“Yes, Zach came in and mentioned something about it,” she said.
“They’re not scared, right? Anything else weird happening out there?” Vinnie asked.
She shook her head. “Nothing last night,” she said casually.
This morning, though, she added silently, I thought I saw a ghost.
“You know, that story about the cousins is supposed to be true,” Mason said. “So somewhere along the line, you should be hearing the neighing of horses and the clash of sabers or something.”
“The Flynn cousins shot each other,” Vinnie said. “No sabers.”
“Hey, Vinnie,” Kendall said. “Is there anything in that story about a man of mixed blood?”
“Oh, no, she’s being haunted by the ghost of the caretaker!” Vinnie exclaimed with a laugh.
“I’m not being haunted by any ghost. I was just trying to remember the whole story. I remember the part about the Union soldiers attacking Fiona, and that’s why she jumped off the balcony.”
“Fiona, huh?” Mason teased.
“That was her name, I’m pretty sure,” Kendall said. She didn’t know why, but she didn’t want to admit, even to the two of them, that she had borrowed the old diary from the attic.
“Well, as a matter of fact,” Vinnie said, “the caretaker’s name was Henry. And he was a man of mixed blood. When everyone wound up dead, the soldiers who had been there ran back into the city. Henry had been with the family for years, but he was a free man. And he rescued the baby—Fiona and Sloan’s baby—who was the ancestor of Amelia. And the Flynn brothers, too, of course.”
All this talk of history made Kendall think about Sheila again. Shelia and the laughing card. Death.
Sheila was dead, she suddenly thought with complete certainty.
No! Sheila was on vacation; she would be back this weekend.
The bell above the door tinkled. “Customers,” she said firmly, forcing herself away from the scary direction her thoughts had taken.
The graveyard was a mess.
Aidan, dirty, sweaty and frustrated, sat on one of the low sarcophagi and stared around.
He’d dug some pretty deep holes.
He’d found four old graves in which the old wooden coffins had completely decayed and only skeletons remained.
He was certain that the work crew, glancing over now and then from the house, must think they were employed by a complete lunatic.
He was searching for a needle in a haystack, he knew. All the skeletons he had uncovered so far had been intact.
He had refilled the graves, and in doing so, he had discovered that many of the graves had shifted. Even if there were a plan for the graveyard, something that didn’t seem to exist, it would be no help in showing him where all the bodies were. Trying to discover if the thighbone had indeed come from an old skeleton didn’t seem like a logical plan.
But even as he sat there, he kept thinking that there was something he should be discovering here.
Jimmy had said that the ghosts came out in the cemetery.
He had found what he was certain was dried blood on a gravestone.
There was something here.
What was the connection between the plantation, Kendall’s shop, the bar where Vinnie played and a girl who had disappeared?
Maybe there was no connection. Or not a meaningful one, anyway. Sure, Vinnie had walked Jenny back to where she had been staying. But another guest had verified the fact that she had changed clothes and gone out again to meet someone.
He thought about what he knew about people, what he had seen and learned over the years. He didn’t believe that Vinnie would have been quite so forthcoming if he were guilty.
Not to mention that he didn’t even know if the ten missing women whose cases Zachary had found were related.
What did he really have so far?
Two human bones—that might or might not be recent. The knowledge that at least one young woman had disappeared from New Orleans without a trace.
A pattern of disappearances most probably from the same area, a pattern that had been escalating in the last few years.
And a nightmare in which a sea of dismembered corpses clutched at him and a woman in white begged for help.
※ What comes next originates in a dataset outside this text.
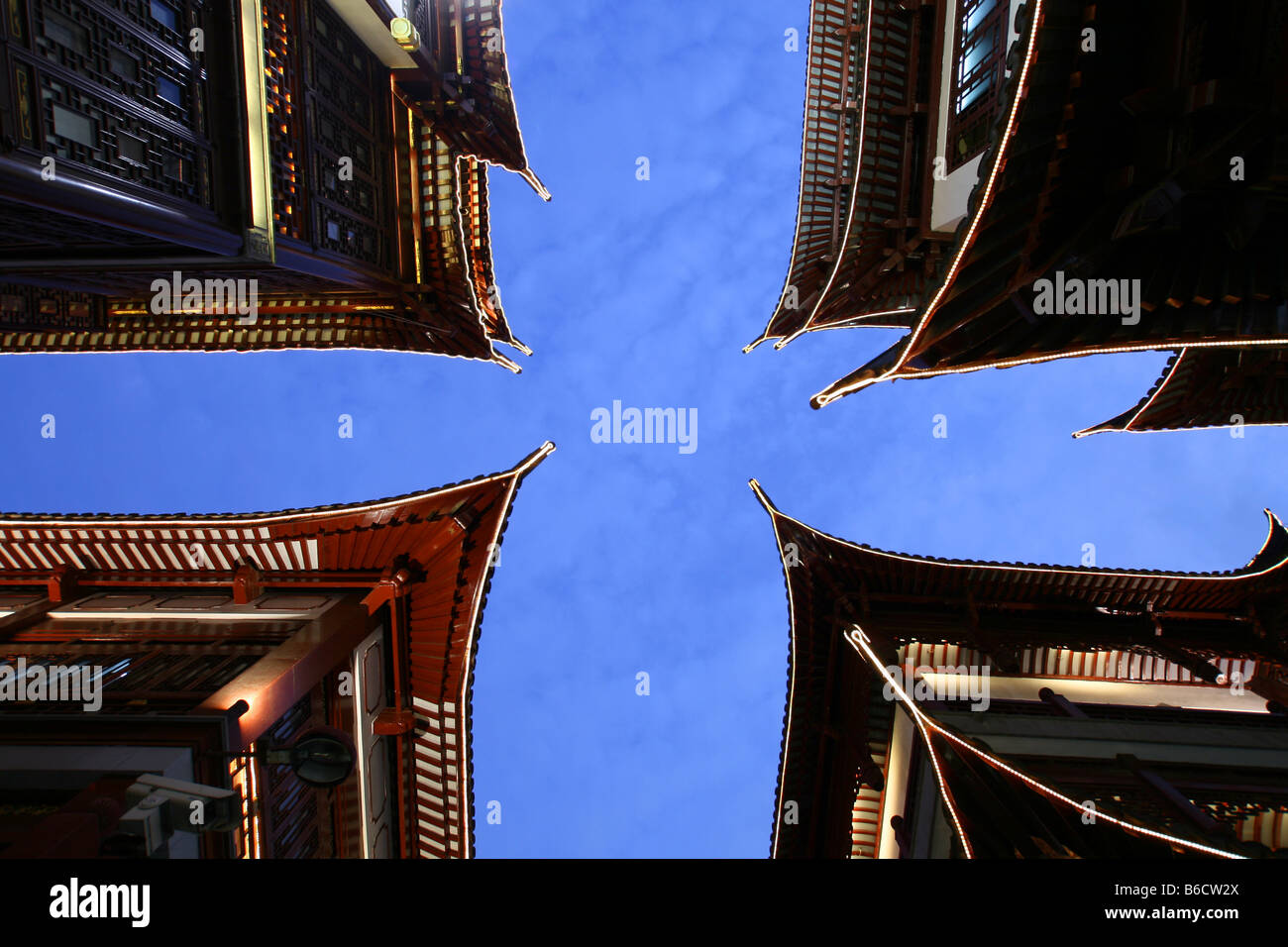 Low angle view of buildings lit up at Dusk, le Jardin Yuyuan Bazaar, Shanghai, Chine Banque D'Images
He still felt the answer or at least a crucial clue lay buried somewhere in this graveyard, but it was getting late, and he had to give it up for the day.
As he walked back into the house, covered with dirt, even Zachary looked at him strangely.
“Don’t ask,” he told his brother.
“I won’t. I’m heading into the city now to get ready for Jeremy’s deal tonight.”
“I’ll see you there,” Aidan told him.
Upstairs, he showered again and dressed for the night. He walked back down to the formal dining room and looked at the family paintings and photos on the wall. Amelia had been captured in her mature years; she was a handsome woman still, slim, with a brilliant smile and a face lined with experience.
“I would deeply appreciate if you wouldn’t haunt my dreams,” he told the woman in the painting.